WORK ITEM ->
Work through the listing below and give again exactly the lines from the one with "G5S006PC PASCAL Комплект" to the one with "2016 Mercedes-Benz E", both ends included. All other lines and all pictures stay out.

EXCERPTED RECORDS ->
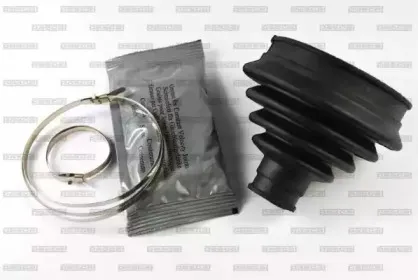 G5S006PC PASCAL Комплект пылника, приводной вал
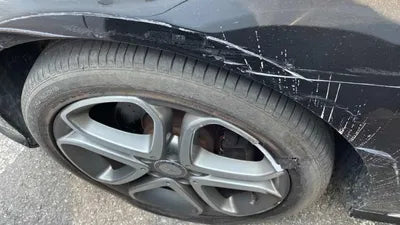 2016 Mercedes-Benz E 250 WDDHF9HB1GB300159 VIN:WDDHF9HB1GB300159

==

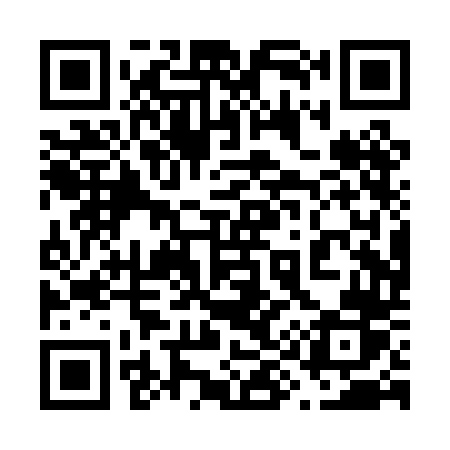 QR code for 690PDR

EXERCISE ANSWER ->
 G5S006PC PASCAL Комплект пылника, приводной вал
 2016 Mercedes-Benz E 250 WDDHF9HB1GB300159 VIN:WDDHF9HB1GB300159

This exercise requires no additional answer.